I hope this helps. I apologize if I misunderstood what you mean by out-of-place build system and this is completely useless to you!
Is there a way I can define a macro for a directory and use it in the output path
Have you looked at the pre-build and post-build events of a project?
Actually, pre-build and post-build events seem to be solely a place to add batch-file type commands. This would not help me to set up standard build directories for our projects, unfortunately. And having these events create batch files seems like a very 1980's approach for a modern language like C#, IMO.
After digging some more, and experimenting, I have found that you can add an <Import> directive into your .csproj file. When you do this, the IDE pops up a warning dialog that there is an unsafe entry point in your project - but you can ignore this, and you can make it not appear at all by editing a registry entry, evidently. So this would give me a way to get the variables containing the directory paths I need into the .csproj file.
Now to get the Output Path to refer to it - unfortunately when you add a string like "$(MySpecialPath)/Debug" to the Output Path field, and save the project, the $ and () chars are converted to hex, and your file get's put in a Debug directory under a directory named "$(MySpecialPath)". Arrgghh. If you edit the .csproj file in a text editor, you can set this correctly however, and it seems to work as long as the <Import> tag appears before the <PropertyGroup> containing the Output Path.

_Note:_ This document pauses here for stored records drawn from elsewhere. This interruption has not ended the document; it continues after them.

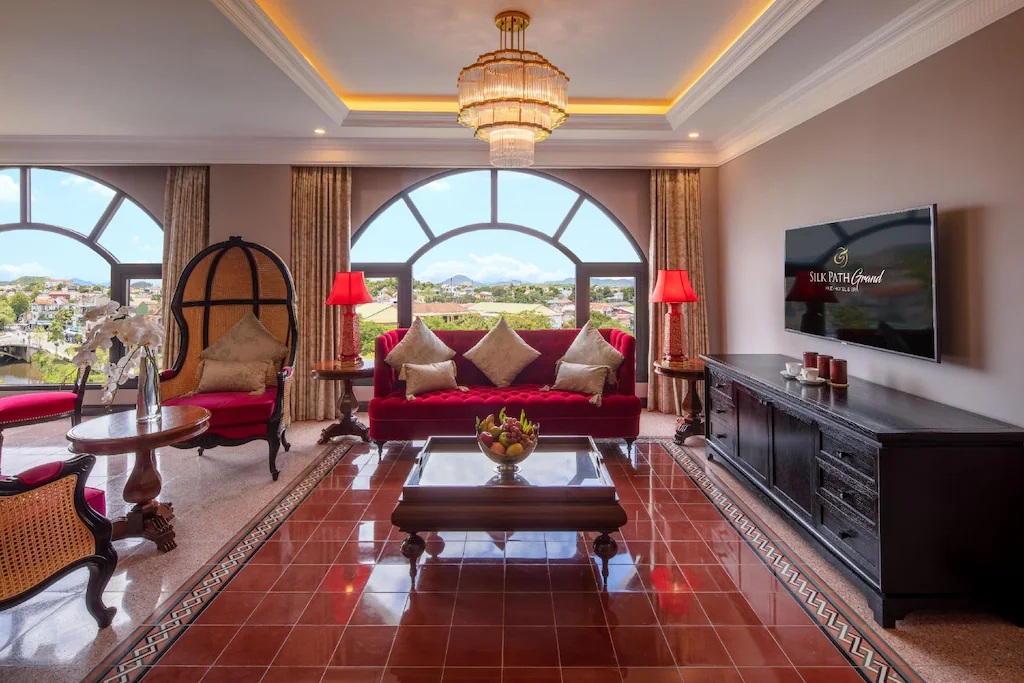 khach-san-silk-path-grand-hue-14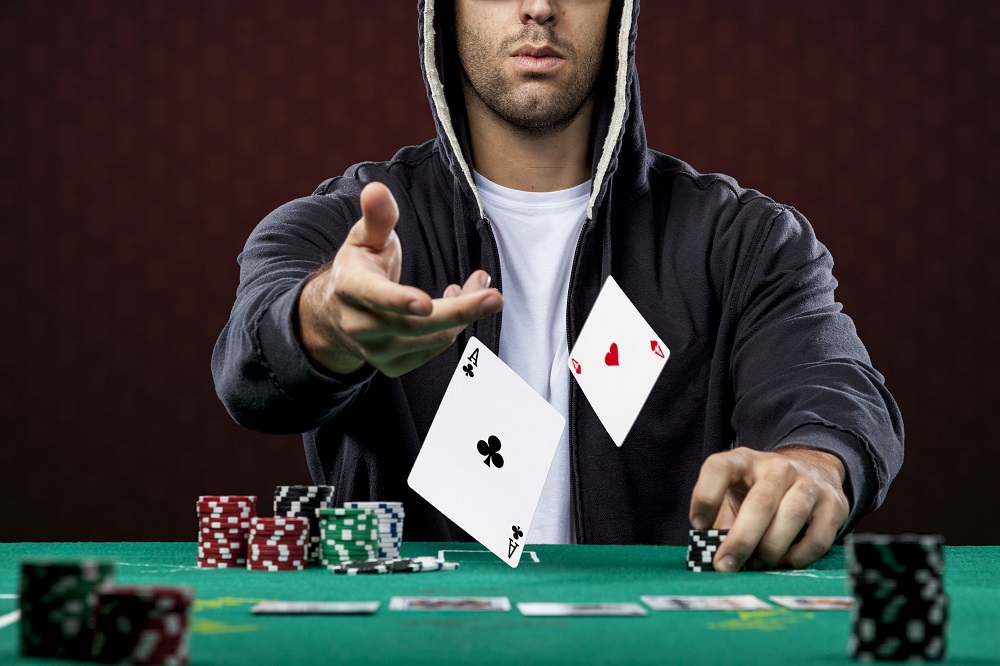 Consulta cele mai bune carti de poker inainte de a juca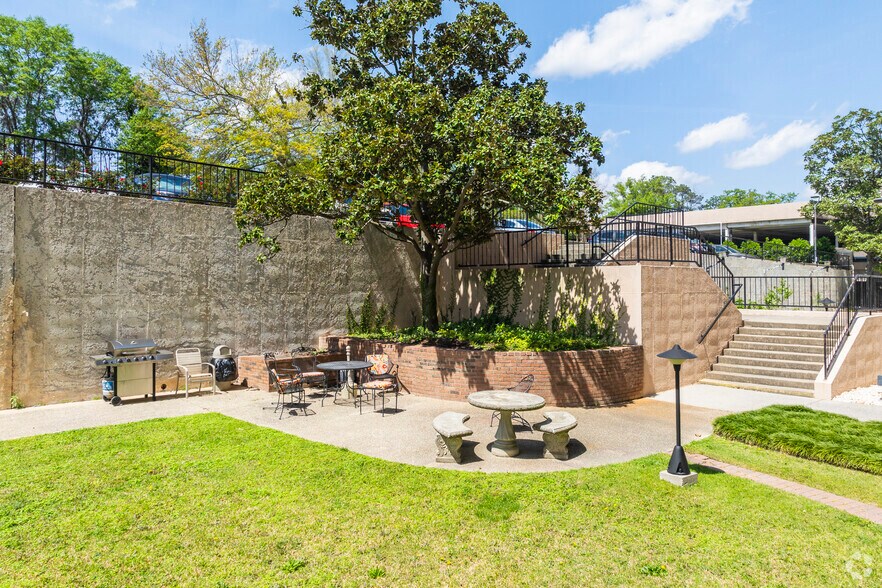 More Photos Of 1825 St. Julian Pl, Columbia Apartments For Lease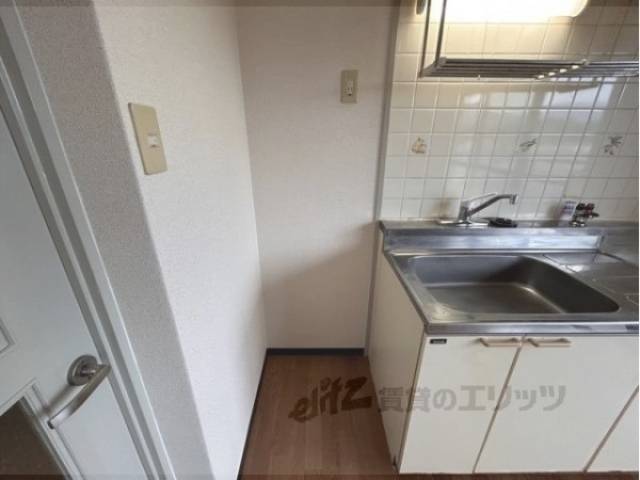 冷蔵庫置場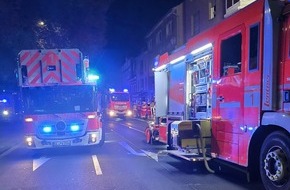 Feuerwehr Bergisch Gladbach: FW-GL: Rauchentwicklung in Treppenhaus sorgt f&uuml;r Einsatz von Feuerwehr und Polizei - Gemeinsame Pressemitteilung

So I think the solution for me will be to create a standard OurTeam.targets MsBuild file in a standard location, add an installer for changing the registry so it doesn't flag warnings, and then create custom project templates that <Import> this file, and also set the Output Path to use the properties defined in the OurTeam.targets file. Sadly, this is more work and a less elegant solution than the property sheet inheritance mechanism in C++.